Brasília - Como dizem os sábios, ou espertos, ou prevenidos, ou sei lá o quê, "o pior vem sempre depois".
É isso que apavora no caso da cassação de Hildebrando Pascoal e da prisão dele e da sua turma lá do Acre.
Até aqui, o script vai bem. Ele foi acusado, cassado e está vendo o sol nascer quadrado em Brasília, junto com 26 outros amiguinhos e parentes. E depois?
Está em andamento uma revolução no Acre, doída, devagar, mas bem-sucedida. Ela começou com a luta pela defesa do meio ambiente e da dignidade das pessoas, resultou no assassinato de seus líderes e literalmente ganhou mundo com o de Chico Mendes, em 22 de dezembro de 1988.
Desde então, muita coisa aconteceu de positiva no Acre, inclusive uma fantástica renovação política. Mas todo o cuidado ainda é pouco. O Estado continua violento, Hildebrando está muito vivo, dá um arrepio pensar no que ele pode fazer para se vingar de adversários e testemunhas.
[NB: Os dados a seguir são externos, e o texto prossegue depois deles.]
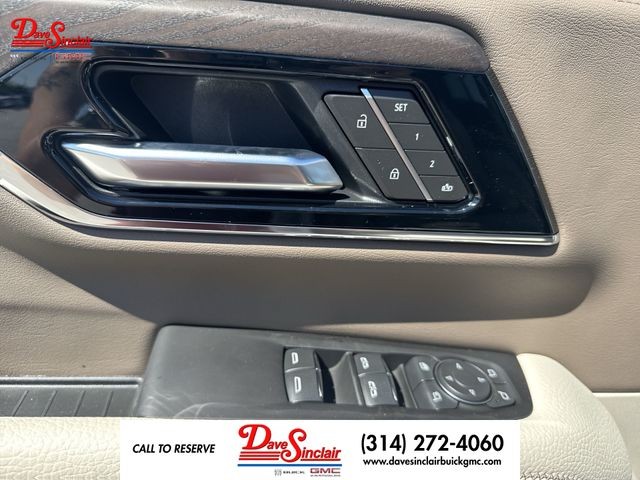 GMC Yukon XL Vehicle Full-screen Gallery Image 13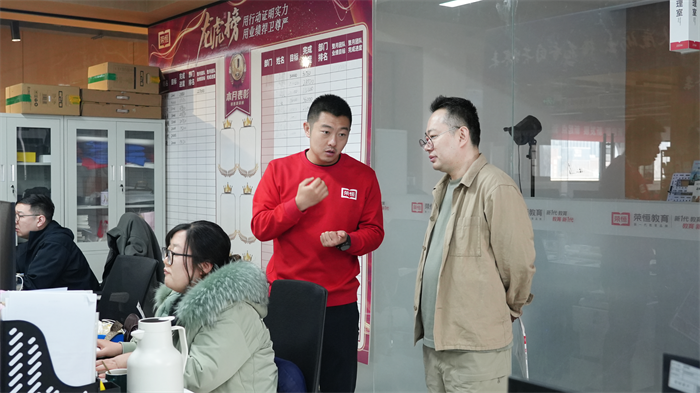 资深媒体人李智勇到访荣恒 共话高中教育新趋势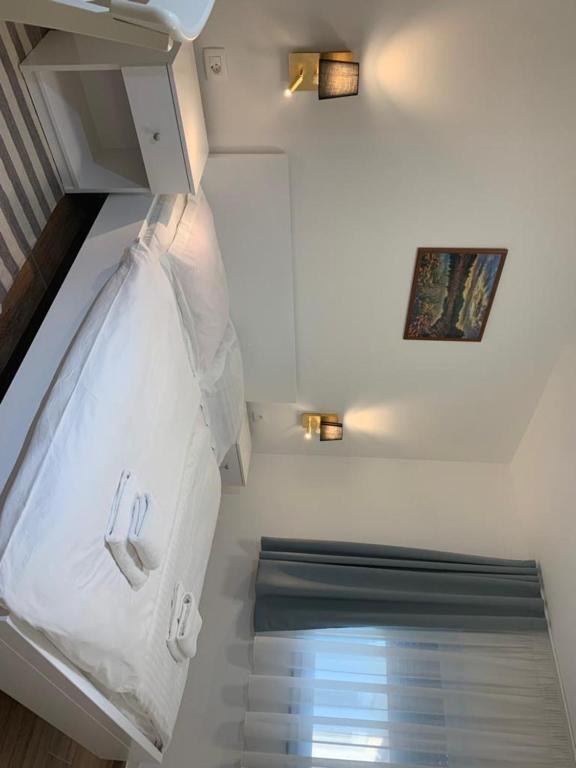Apartmani Albatros Perusic Exteriör bild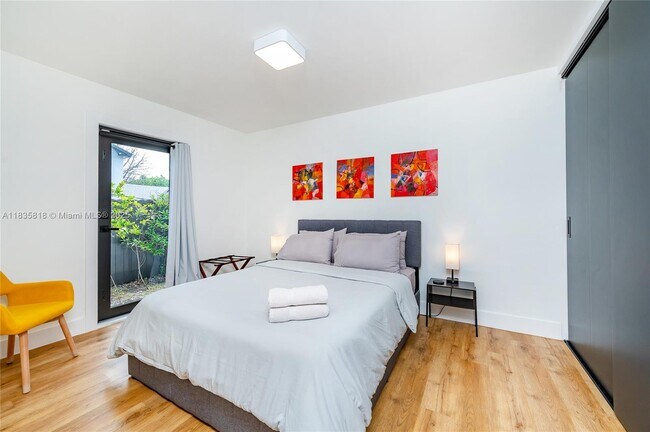 Building Photo - BAY VISTA PARK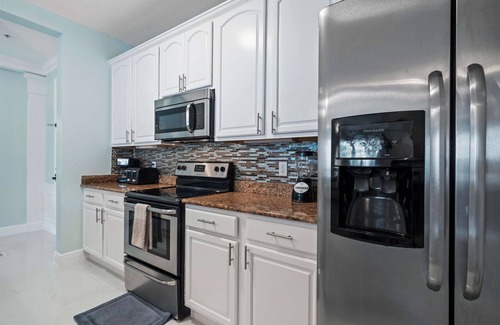 Florida Central Atlantic Coast Condo | Spectacular new Spotless Condo Minutes to Disney, Universal, SeaWorld 1823 sqft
Convém centrar o foco no procurador da República Luiz Francisco Fernandes de Souza, 37, que denunciou a quadrilha, e no ex-bispo de Rio Branco d. Moacir Grechi, que depôs contra ela na CPI do Narcotráfico. Eles são dois grandes vitoriosos no desfecho. Podem, portanto, ser suas maiores vítimas. Como eles, há dezenas.
Pelos relatos, há um clima de euforia no Acre, entre políticos incorruptíveis, procuradores honrados, religiosos que vão à luta, ONGs estrangeiras e jornalistas independentes. A "fauna", enfim, que foi salva por Chico Mendes e agora trata de salvar o Estado.
A euforia, entretanto, é mesclada com o medo. Medo da impunidade final, de retaliações, de uma vingança sem fim de quem não costuma ter limites para executar sua vingança.
O Acre, como vem sendo dito e repetido aqui, é um exemplo. Mas é também uma responsabilidade para o resto do país. Todo o cuidado é (mesmo) pouco. E esse cuidado transcende em muito as fronteiras do jovem Estado.